WORK INSTRUCTION: Repeat the listing below exactly. Pictures do not belong in the copy.

RAW DATA:

:::::

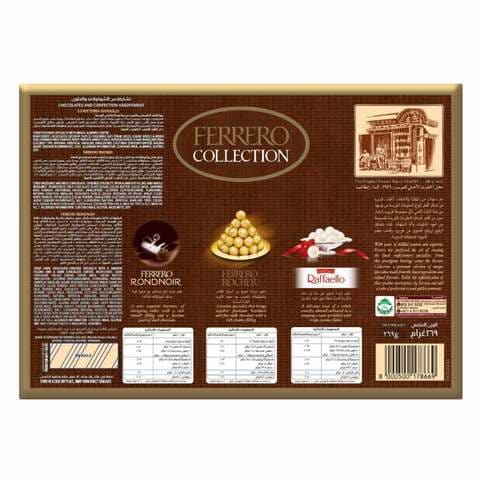 Ferrero Rocher Collection Chocolates - 259 grams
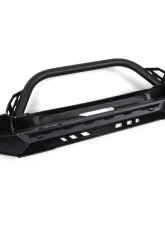 CrawlTek Pyro Midwidth Front Bumper Bull Bar Jeep Wrangler CJ | YJ | TJ 1976-2006                                     - CWLTJ10211 - Image 7
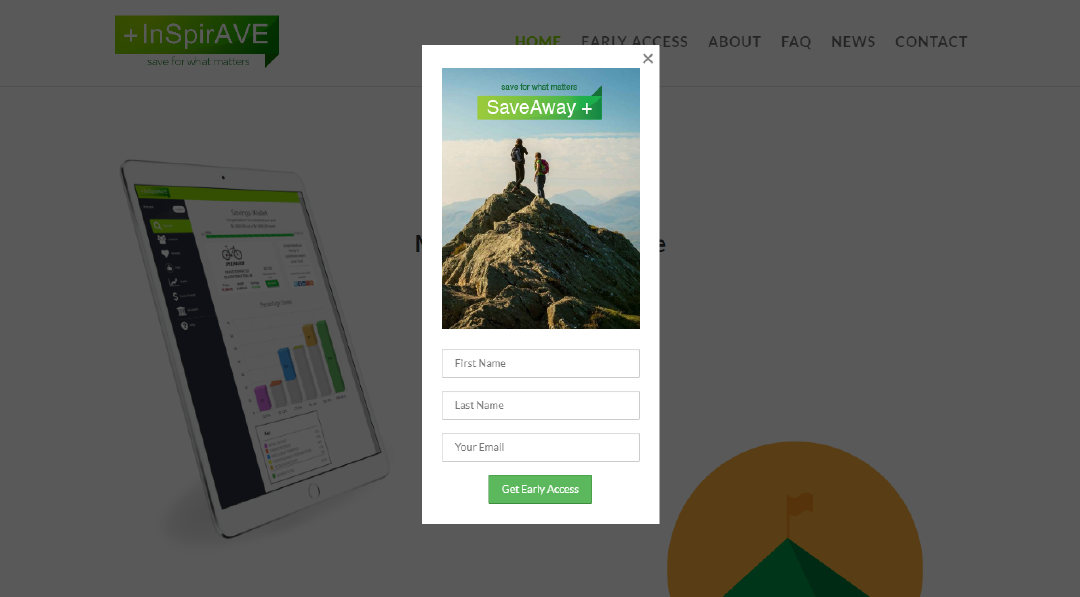Signing up For InSpirAVE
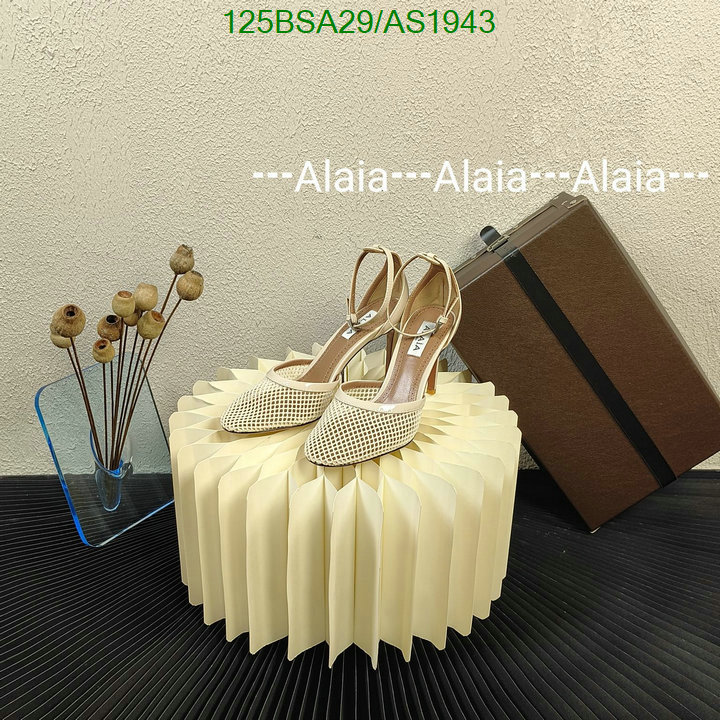 Women Shoes-ALAIA Code: AS1943 $: 125USD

:::::

OUTPUT OF THE TASK:
 Ferrero Rocher Collection Chocolates - 259 grams
 CrawlTek Pyro Midwidth Front Bumper Bull Bar Jeep Wrangler CJ | YJ | TJ 1976-2006                                     - CWLTJ10211 - Image 7
Signing up For InSpirAVE
 Women Shoes-ALAIA Code: AS1943 $: 125USD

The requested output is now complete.